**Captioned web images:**

===============

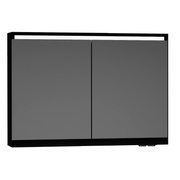 Зеркало-шкаф VitrA Options Lux 120 см палисандр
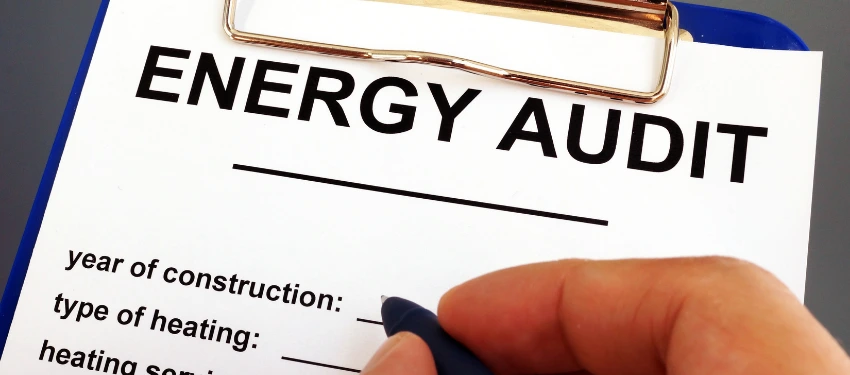 Energy audit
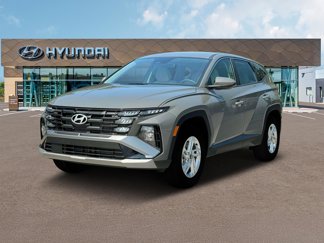 New 2026 Hyundai Tucson SE image 1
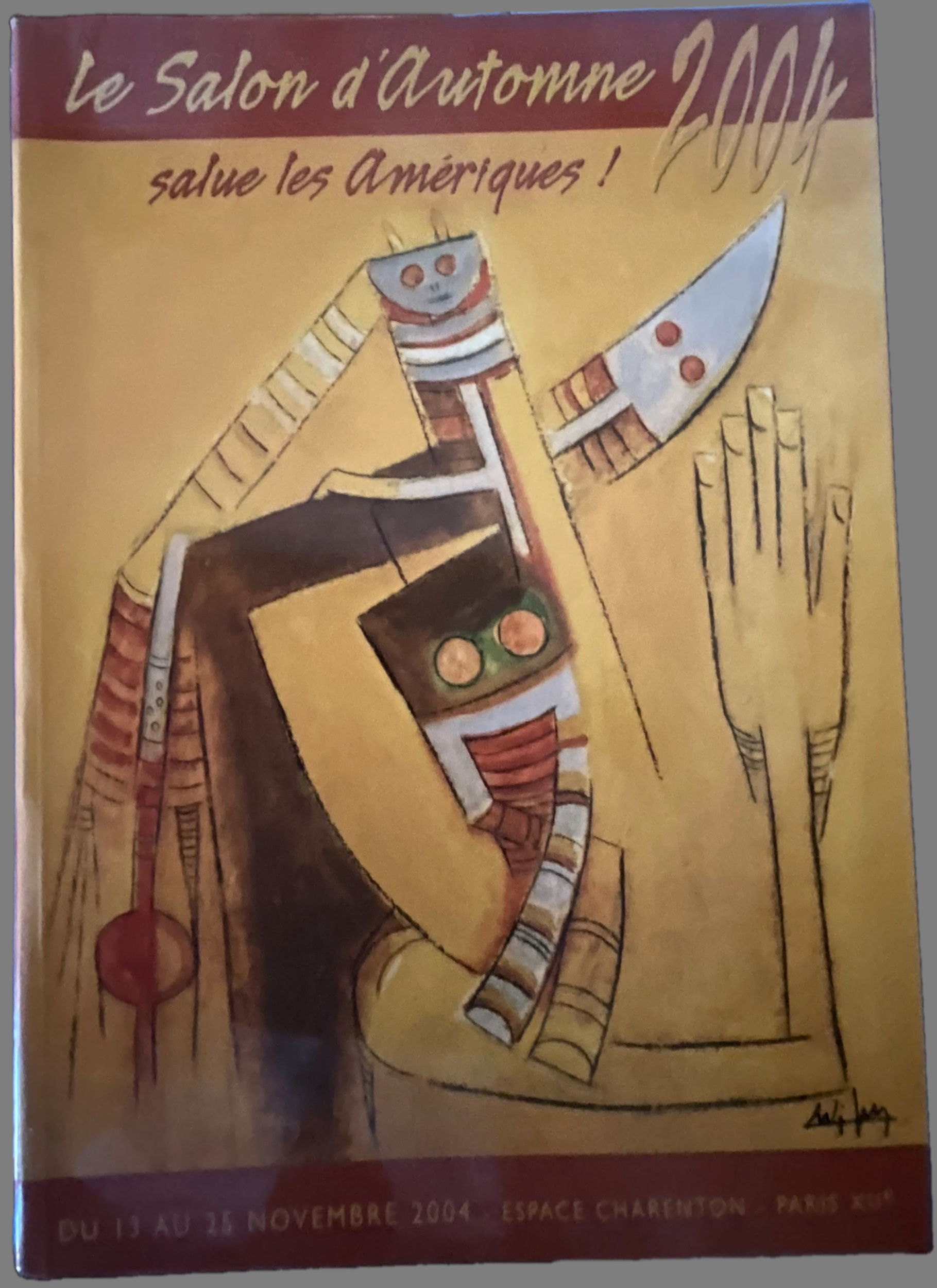 Salon d’Automne 2004 — cover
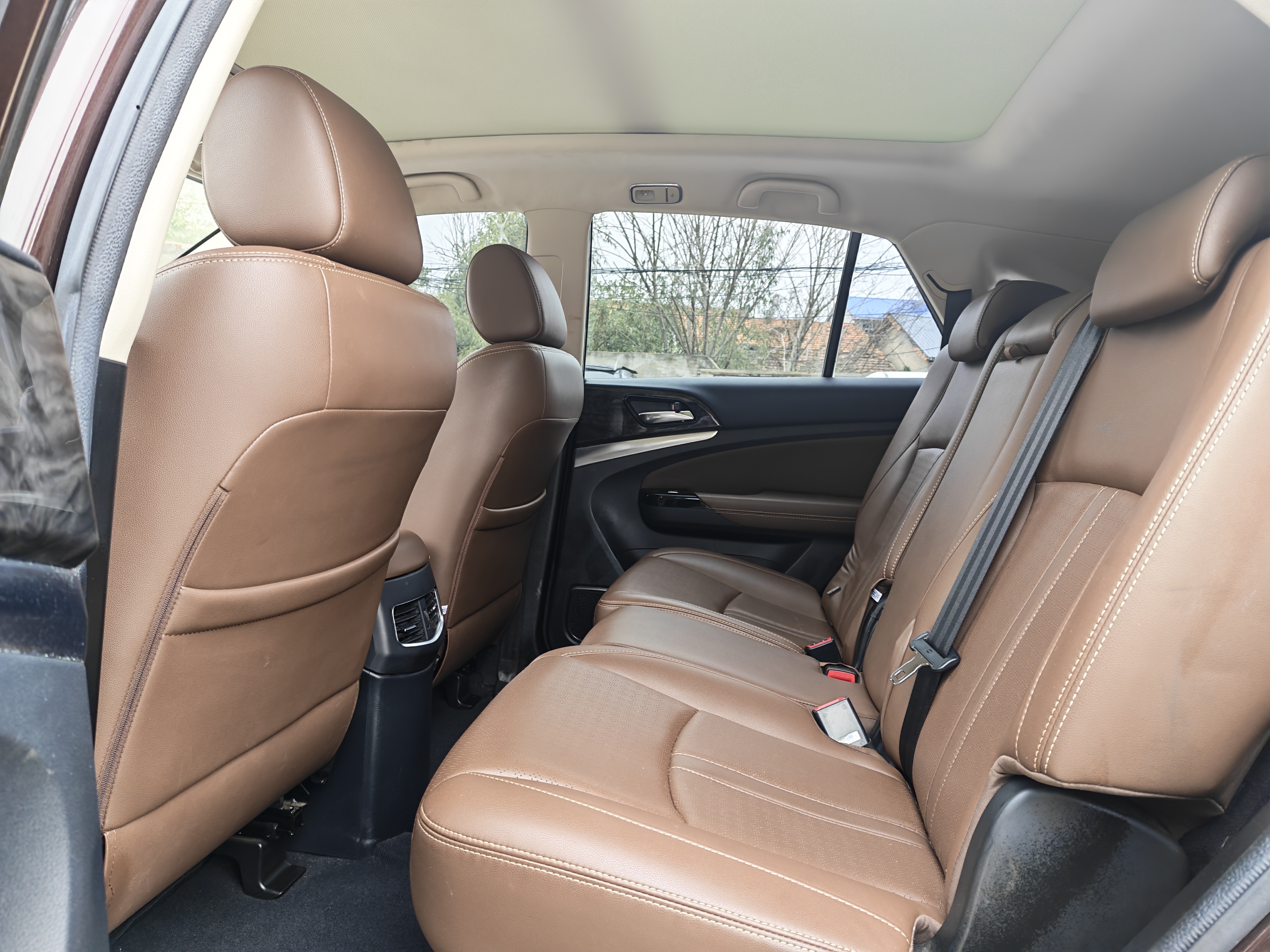 BYD S7 2016 car image #10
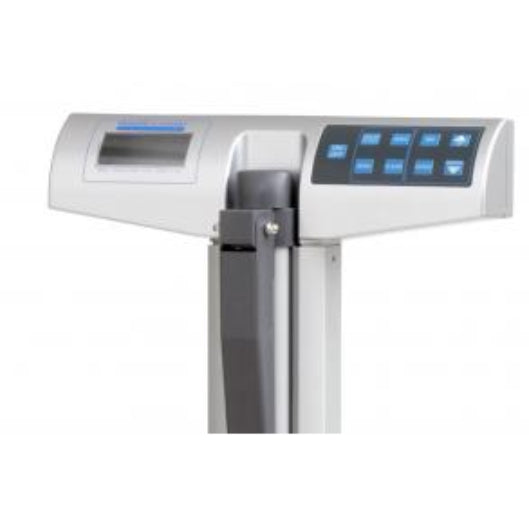 Health O Meter Eye Level Digital Scale without Power Adapter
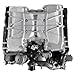 Car Engine Assembly 508PS V8 5.0 Supercharging Petrol Compatible With V6 3.0t 5.0t Complete Engine Custom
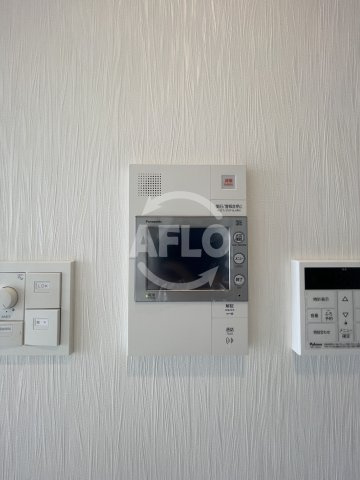 プレジオ三国EUROのセキュリティ|プレジオ三国EURO　モニター付きインターホン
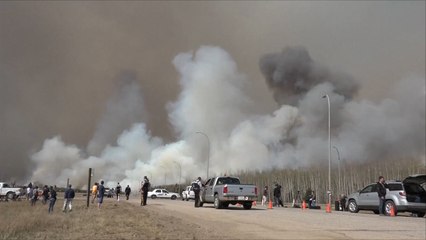 7 مليارات دولار سببتها حرائق ألبرتا الكندية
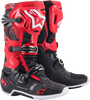 Tech 10 Boots - Black/Red - US 7 - Lutzka's Garage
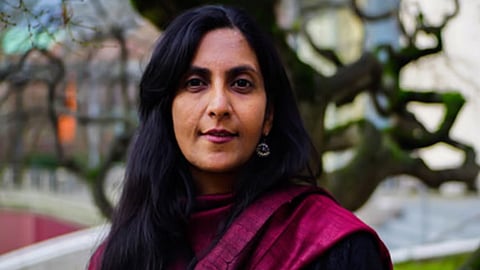 ক্ষমা সাওয়ন্ত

===============

**WHAT IS BEING ASKED:** Nothing but the lines from the one containing "Tech 10 Boots" through the end of the entries should be written out, exactly and without pictures.

**ANSWER FOR THE TASK:**
 Tech 10 Boots - Black/Red - US 7 - Lutzka's Garage
 ক্ষমা সাওয়ন্ত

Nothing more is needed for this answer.